Union Dockworkers, Port Employers Reach Tentative Deal at East Coast, Gulf Ports

The International Longshoremen’s Association (ILA) and United States Maritime Alliance (USMX) yesterday reached a tentative agreement on all items for a new six-year Master Contract.

The two sides agreed to continue to operate under the current contract until the union can meet with its full Wage Scale Committee and schedule a ratification vote, and USMX members can ratify the terms of the final contract.

In a joint statement, the two sides said the agreement is a win for both sides and would advert any work stoppage on January 15, 2025.

“This agreement protects current ILA jobs and establishes a framework for implementing technologies that will create more jobs while modernizing East and Gulf coast ports–making them safer and more efficient, and creating the capacity they need to keep our supply chains strong,” they said. “This is a win-win agreement that creates ILA jobs, supports American consumers and businesses, and keeps the American economy the key hub of the global marketplace.”

Details of the new tentative agreement will not be released to allow ILA rank-and-file-members and USMX members to review and approve the final document.

CalChamber, Coalition Support

Last month, the California Chamber of Commerce joined a coalition of 267 federal, state and local trade associations in urging East/Gulf Coast labor and management leaders to resume port labor negotiations. In a letter to the ILA and USMX, the coalition acknowledged that automation and technology continues to be the biggest issue of disagreement between the ILA and USMX but argued there is a path forward for the parties to address this issue.

The coalition asserted that it is critical that ports and terminals have the ability to modernize their systems and processes to remain globally competitive and be able to handle the continuing rise of trade volumes, both imports and exports, through the nation’s ports.

Modernization can happen only through true partnership between labor and management, as well as the other supply chain stakeholders that rely on these ports. Modernization efforts will benefit all parties and are essential to address current and future issues.

Past Strike

On Thursday, October 3, 2024, three days after the strike began, joint statements from the ILA and the USMX management group, representing shipping lines, terminal operators and port authorities, announced a tentative agreement that extended the current master contract to January 15, 2025.

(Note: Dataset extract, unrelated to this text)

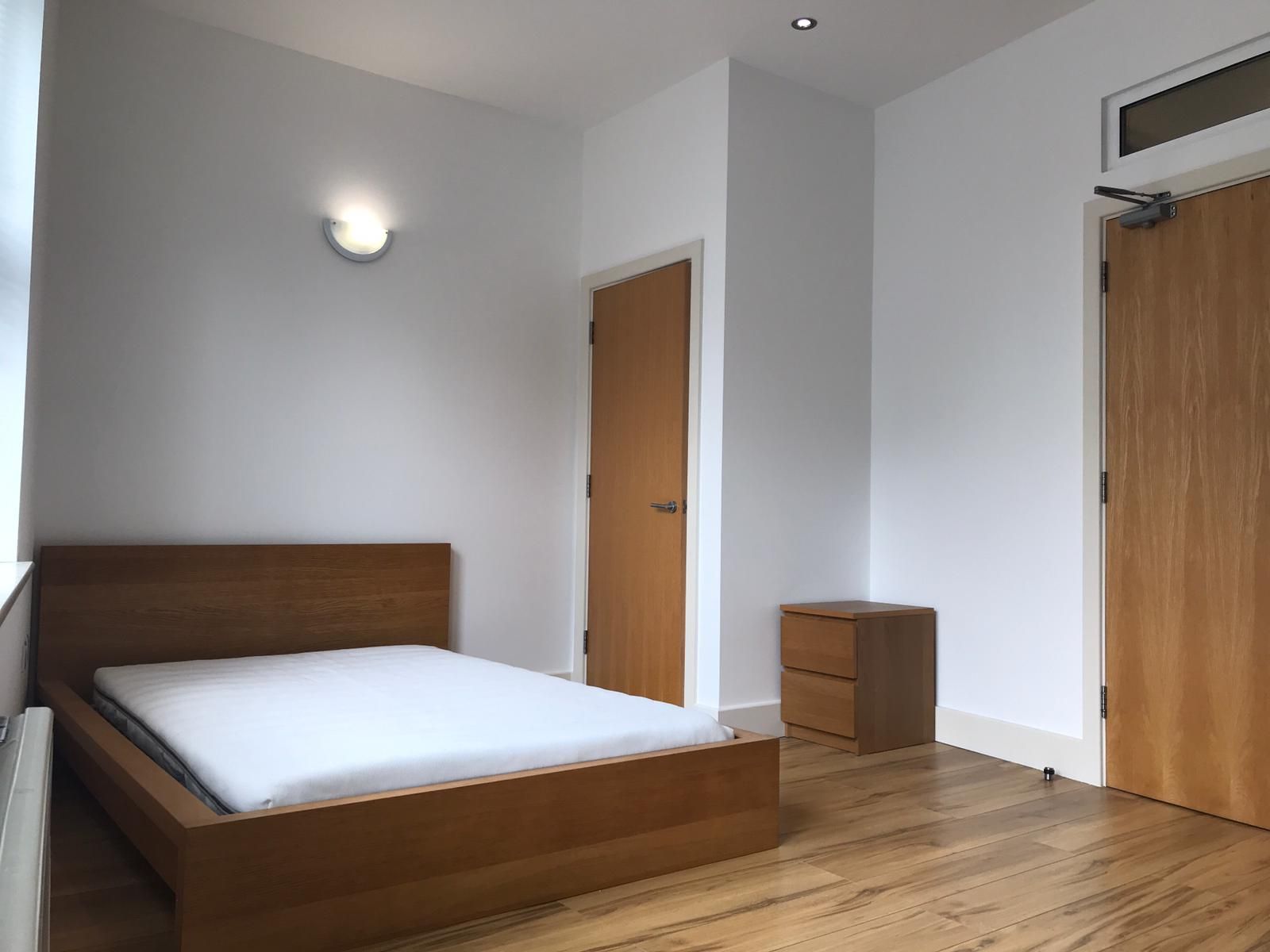2 bedroom apartment flat/apartment To Let in Willesden Green - SPACIOUS DOUBLE BEDROOM 2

The tentative agreement included a 61.5% wage increase over the life of the six-year contract — raising average wages from $39 an hour to about $63 an hour. The ILA originally had requested 77%, and the USMX countered with 50% earlier in the week.

The ILA strike affected 45,000 dockworkers at 36 container ports from Texas to Maine — including New York/New Jersey, Houston, and Savannah, Georgia. The contract in question covered six of the 10 busiest U.S. ports, which collectively handle more than 13 million containers annually.

The strike had the potential to disrupt U.S. supply chains, pose national security implications, and in general terms, paralyze as much as half the nation’s seaborne trade volumes.

Products Potentially Affected

Perishable food imports, wine, auto parts and pharmaceuticals from Europe could have been greatly affected. Ports on the East and Gulf coasts handle roughly 75% of the bananas that enter the United States. There is a no strike pledge for U.S. military goods and passenger cruise vessels would not have been affected. The ILA had not gone on strike since 1977.

Potential West Coast Impact

A prolonged shutdown could have affected West Coast ports, eventually leading to capacity and empty container shortages.

A potential strike would have come at a challenging time for ocean supply chains, which already have faced significant disruptions with the drought in the Panama Canal, the Baltimore Bridge collapse, and the Red Sea conflict. There was talk of West Coast workers being unwilling to unload cargo originally bound for the East Coast and a worst-case scenario if the West Coast dock workers walked out in solidarity.

The Federal Maritime Commission (FMC) had warned carriers and operators against imposing excessive detention and demurrage fees during the strike, to protect shippers from unfair charges such as occurred during the pandemic-related port congestions.

Shipping Data

Nearly 70% of U.S. exports and 56% of containerized U.S. imports come through East Coast and Gulf Coast ports, according to data cited by the National Association of Manufacturers. More specifically:

  • More than 68% of all containerized exports and more than 56% of containerized imports flow through East and Gulf Coast ports, representing an average daily trade value of more than $2.1 billion.
  • They handle more than 91% of containerized imports and 69% of containerized exports of pharmaceutical products.
  • They also process more than 76% of containerized vehicle exports and more than 54% of containerized vehicle imports.
  • For aircraft and spacecraft, more than 77% of containerized exports and more than 51% of containerized imports go through these ports.